• [What this task involves] Exactly the lines from the one containing "portrait, black & white Rosemarie фото превью" through the end of the records must be reproduced; leave out all pictures.

• [Source data]
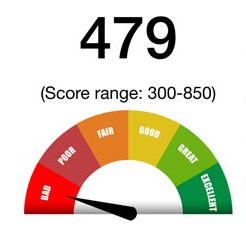 tenant credit check risk score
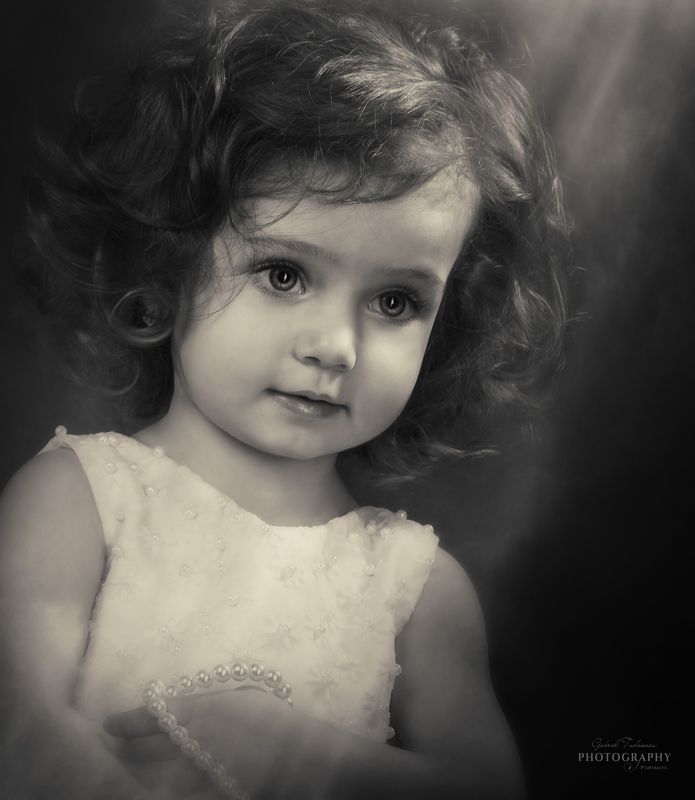portrait, black & white Rosemarie фото превью
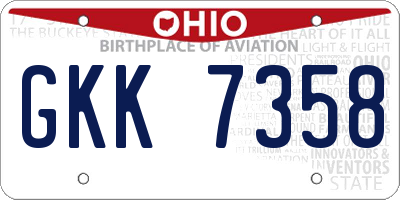 OH license plate GKK7358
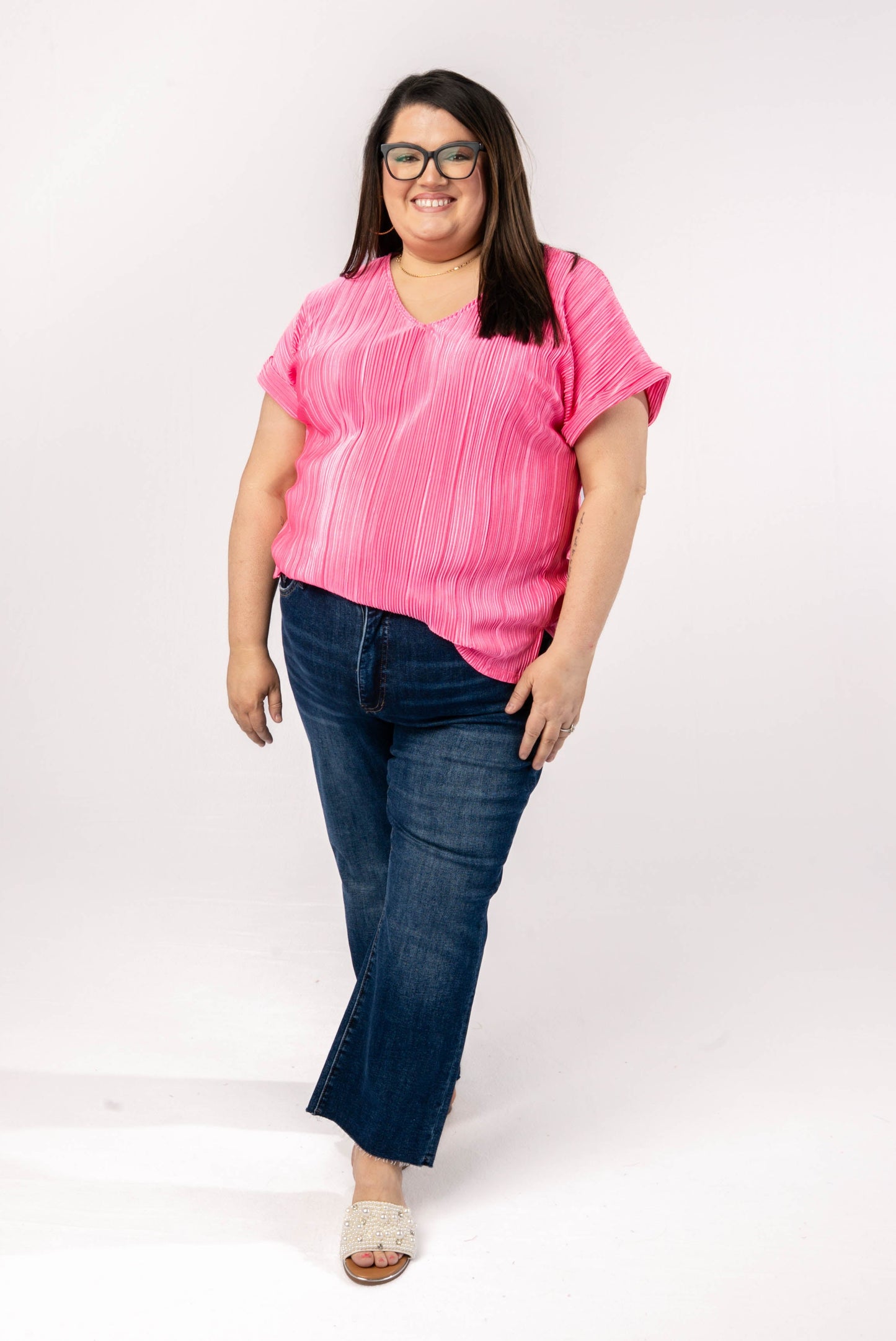 Lovervet High Rise Crop Flare Jeans
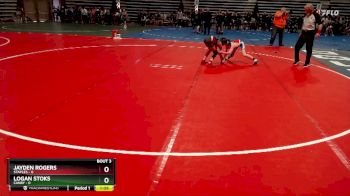85 lbs Quarterfinals (8 Team) - Jayden Rogers, Staples vs Logan Stoks, Canby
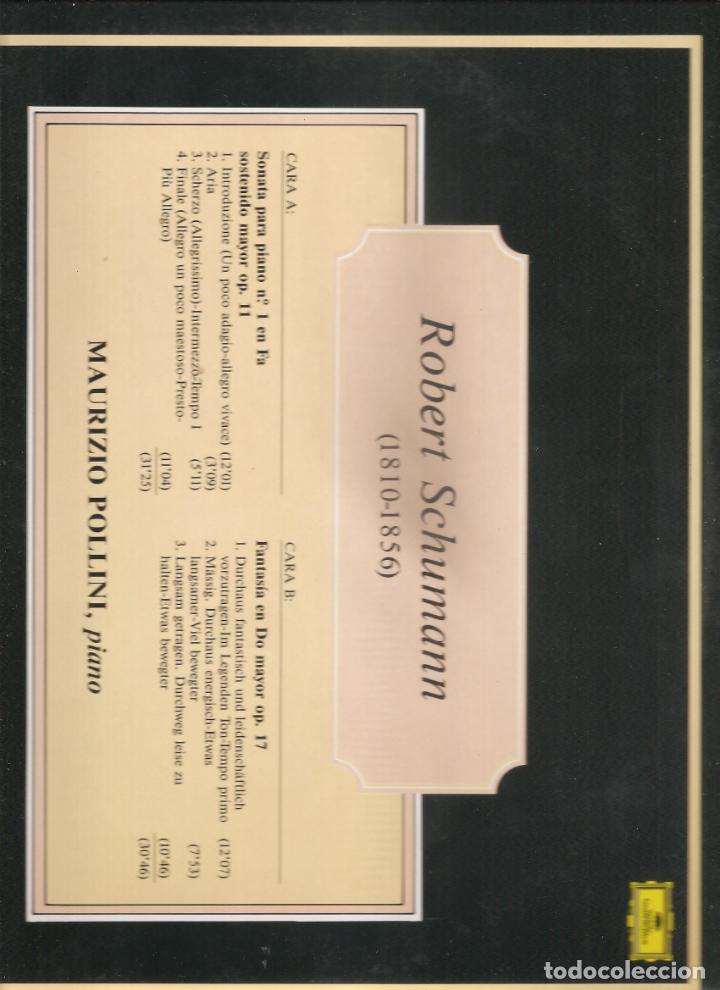 Discos de vinilo: schumann. sonata y fantasia. - Foto 2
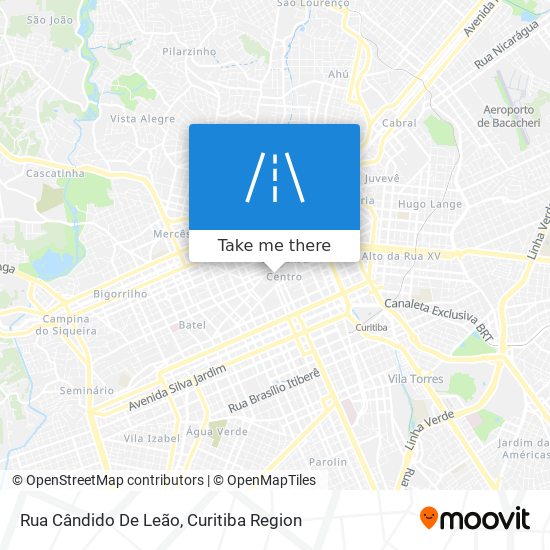 Mapa Rua Cândido De Leão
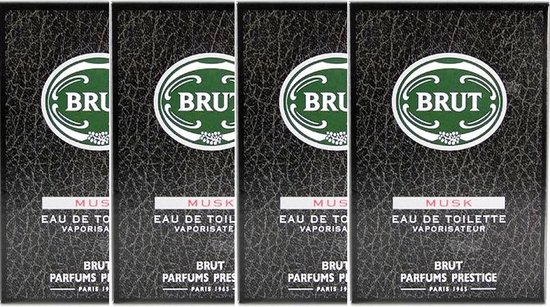 Brut Eau de Toilette Men – Musk, 100 ml - 4 stuks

• [Solution to the exercise]
portrait, black & white Rosemarie фото превью
 OH license plate GKK7358
 Lovervet High Rise Crop Flare Jeans
85 lbs Quarterfinals (8 Team) - Jayden Rogers, Staples vs Logan Stoks, Canby
 Discos de vinilo: schumann. sonata y fantasia. - Foto 2
 Mapa Rua Cândido De Leão
 Brut Eau de Toilette Men – Musk, 100 ml - 4 stuks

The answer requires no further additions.